Ontario has taken the next formal step toward a new correctional project in the Brockville area, launching a Request for Qualifications for teams to build the Brockville Correctional Complex and expand the St. Lawrence Valley Correctional and Treatment Centre. The project is being delivered with Infrastructure Ontario and is now officially at the RFQ stage.
The site is in the Township of Elizabethtown-Kitley, bordering Brockville. According to Infrastructure Ontario, both the new complex and the expansion will be built on the current St. Lawrence Valley Correctional and Treatment Centre site. Together, they are planned to provide 295 beds.
The breakdown is more specific than the headline number suggests. Infrastructure Ontario says the new Brockville Correctional Complex would include 270 new male beds with maximum, medium, minimum and specialized-care classifications. The St. Lawrence Valley expansion would add 25 new female beds through an expansion of the existing Secure Treatment Unit. That female unit is planned as a separate structure connected by a bridge to the existing facility.
The province is treating the Brockville-area project as part of a bigger correctional-capacity push. Ontario’s official release says the Brockville project is part of a plan to add 1,436 new correctional beds across the province by 2032. Infrastructure Ontario’s project page also shows that the RFQ is only the current procurement stage, with later steps still to come, including bidder shortlisting, a Request for Proposals, selection of a winning bidder, and construction.

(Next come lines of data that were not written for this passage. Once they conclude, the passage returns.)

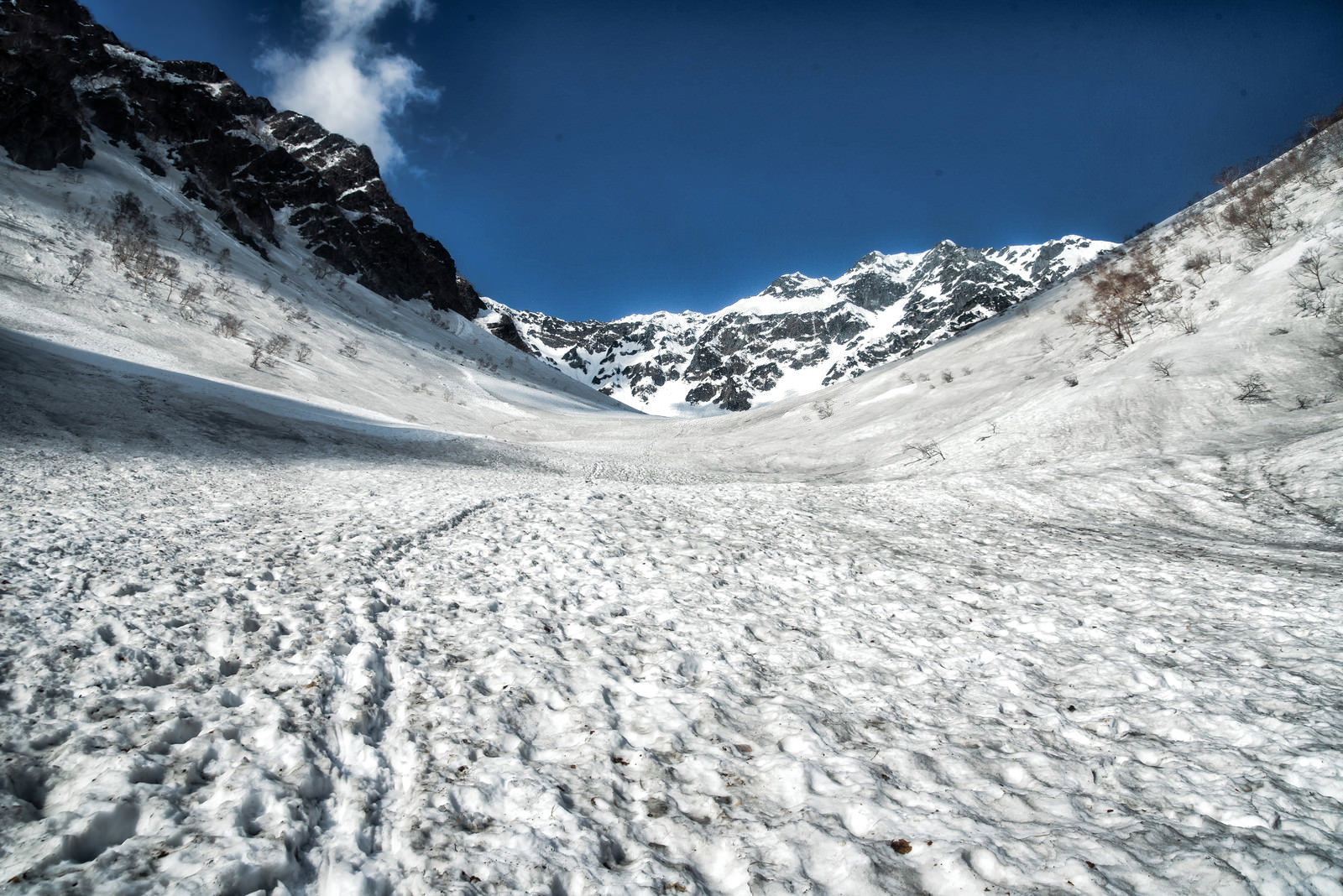 涸沢へ続く残雪のトレースと青空に映える雪山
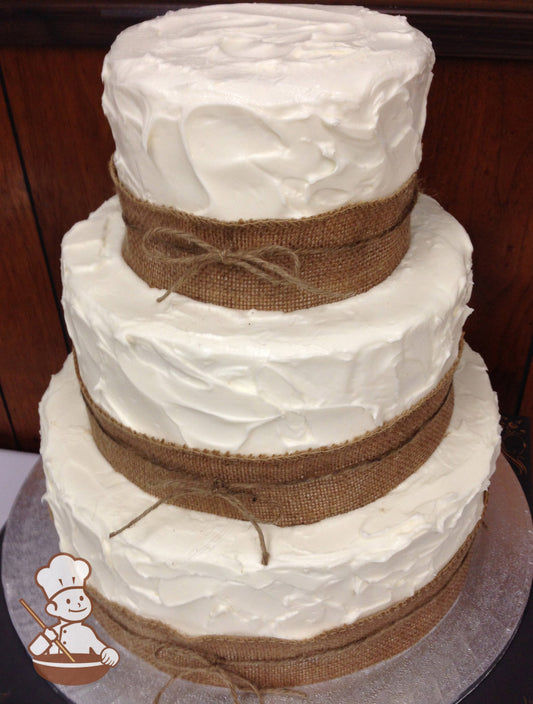 3-tier cake with white icing and decorated with a heavy all over texture and a burlap ribbon on the base of each tier.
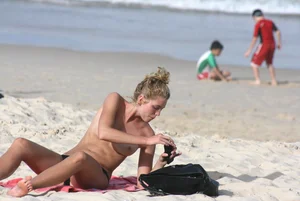 Sexy girls topless on a nude beach showing their nice tits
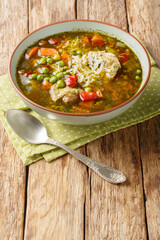 Aguadito de pollo is a traditional Peruvian soup prepared with chicken, aji amarillo peppers, peas, corn, onions, potatoes, rice, and cilantro closeup on the bowl on the wooden table. Vertical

No public opening date is listed yet on the project page.
The province has also tied the project to local employment. A government release summary says the added capacity in Brockville is expected to support the hiring of more than 400 additional correctional staff, including correctional officers, nurses and support staff. The same release summary says the combined project is expected to be about 322,000 square feet and delivered using a design-bid-build model.
At the same event, Premier Doug Ford used the announcement to push a wider justice message beyond the Brockville build itself. Coverage from the press conference says Ford raised the idea of livestreaming bail hearings and also urged the federal government to legalize pepper spray for self-defence. Those comments may draw separate political attention, but they were not the core infrastructure announcement of the day.
Why this matters locally
A project at this stage still has a long road ahead. But once a file reaches RFQ, it becomes more than a political promise. It enters a defined contractor-selection process, and that usually matters more than broad talking points at a press conference. In Brockville’s case, the project also carries a jobs angle because the province is linking it to hundreds of future correctional and support roles.
There is also a regional-service angle. The Brockville complex and the St. Lawrence Valley expansion are being planned together, with shared staff facilities, recreation space, health services, visitor areas, admitting and discharge functions, and new public and staff entrances. That suggests the province is designing the site as a larger integrated correctional hub rather than a simple one-building replacement.
What is still unknown
Several major details are still missing from the public record. Ontario has not yet published a construction start date, completion date, or opening timeline on the Infrastructure Ontario project page. The final cost was also not set out in the source material reviewed here. What is public so far is the bed count, site, procurement stage, delivery model and basic project features.
Sources
- Ontario Newsroom release summary, March 16, 2026.
- Infrastructure Ontario project page for Brockville Correctional Complex and St. Lawrence Valley Correctional and Treatment Centre.